Tym razem, Mecenas z Panią Marią sprzeczali się podczas podwieczorku na temat parytetu płci. Przeczuwając, że niewinne z pozoru przekomarzanie może przepoczwarzyć się w poważną kłótnię. Gospodarz spróbował odwrócić ich uwagę:
- Wasza rozmowa przypomina spór na temat dystrybucji dotacji unijnych.
Pierwszy zareagował Student. Jego zdaniem, nie ma sensu budowanie fabryk, na przykład, w Polsce Wschodniej , bo tam się żaden przemysł i tak nie rozwinie. Trzeba zostawić mieszkańcom wolną rękę. Niech sami decydują, czym się chcą zajmować.
Pani Maria oburzyła się:
- Takie jest myślenie niesprawiedliwe. Należy wspierać słabszych i wyrównywać szanse. Po to przecież zapisaliśmy się do Unii.

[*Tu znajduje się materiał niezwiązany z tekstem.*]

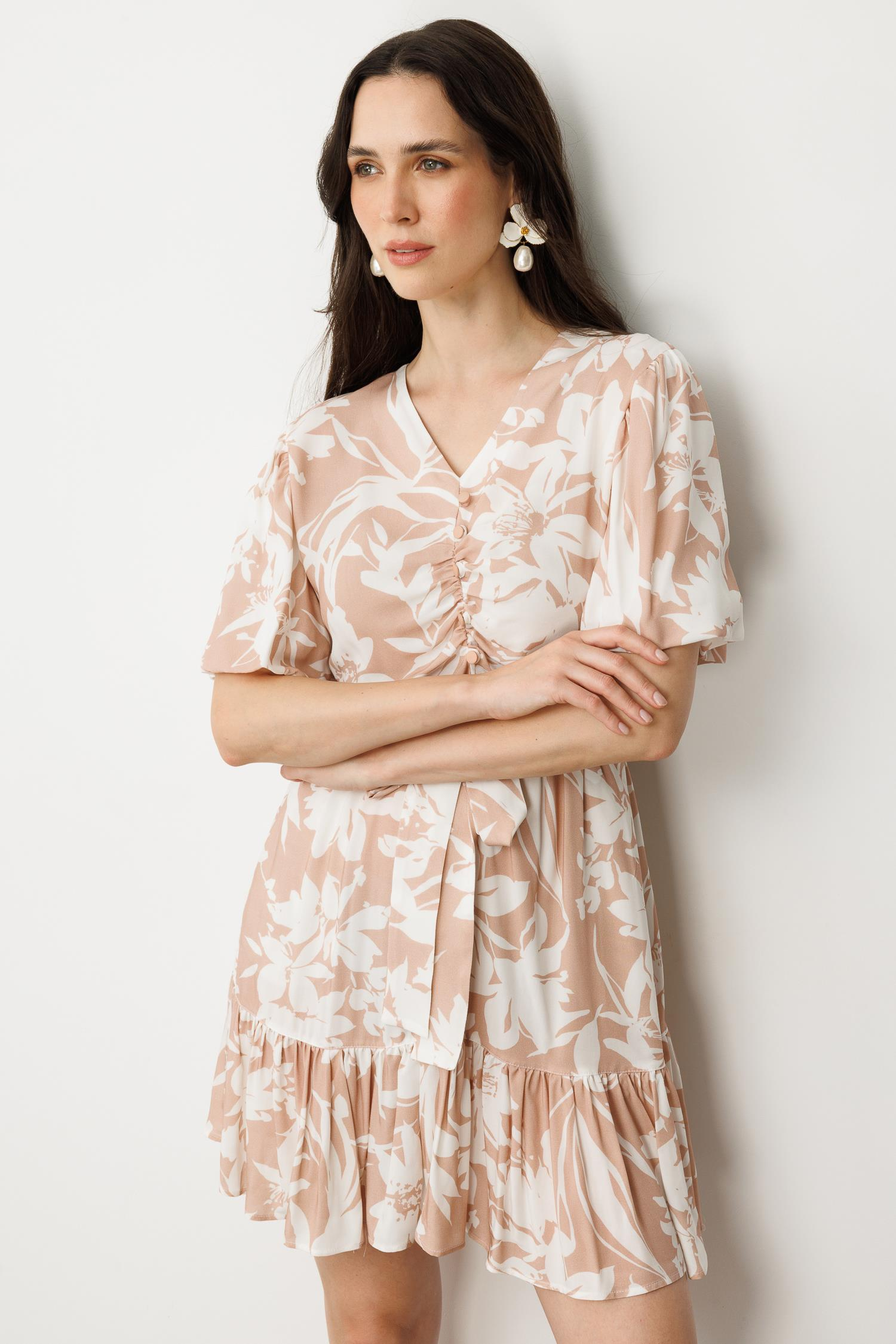 Baskılı Kuşaklı Viskon Elbise-PUDRA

- Mecenas wszedł w temat jak w masło: faktem jest, że dopłaty dla właścicieli ziemi nieuprawianej z powodu występowania na niej krzaków zagrożonych wyginięciem (które rolnik polski uznawał dotąd za chwasty) mogą u osób ponad przeciętnie wrażliwych budzić pewien niepokój moralny.

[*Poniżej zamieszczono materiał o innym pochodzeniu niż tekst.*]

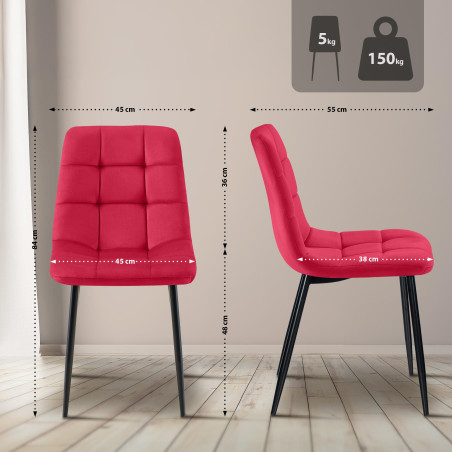 Conjunto de 4 cadeiras de sala de jantar Antibes vermelhas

- Mój dobry Znajomy – ciągnął Mecenas – nabył w celach rekreacyjnych kilka hektarów ziemi na Mazurach wraz z prawem do kilkutysięcznej corocznej dopłaty za powstrzymanie się od karczowania kępy takich krzaczków.
- Których i tak by pewnie nie karczował – dodał Student.
- A jego sąsiad, autochton – kontynuował Mecenas – który od zawsze mieszkał z żoną w sfatygowanej poniemieckiej chałupie i przez cały rok chodził w gumiakach i waciaku …
- Polski strój regionalny – skomentował Student.
- Głównie zresztą siedział na przyzbie i naprawiał bronę drutem. I dostał za nicnierobienie kilkanaście tysięcy.
- I zmienił diametralnie obyczaje pod wpływem dotacji? – zapytał Student.
- Tak – potwierdził Mecenas. – Nie naprawia już brony drutem w gumiakach i waciaku na przyzbie lecz w izbie, przed telewizorem plazmowym o przekątnej 65 cali.
- No i dobrze. Zasłużył sobie na to ciężką pracą przez całe życie – powiedziała Pani Maria.
- No, może nie całe, bo to był autochton w średnim wieku, dość często pijący – wyjaśnił Mecenas.
- I bronę naprawiający – uzupełnił Student.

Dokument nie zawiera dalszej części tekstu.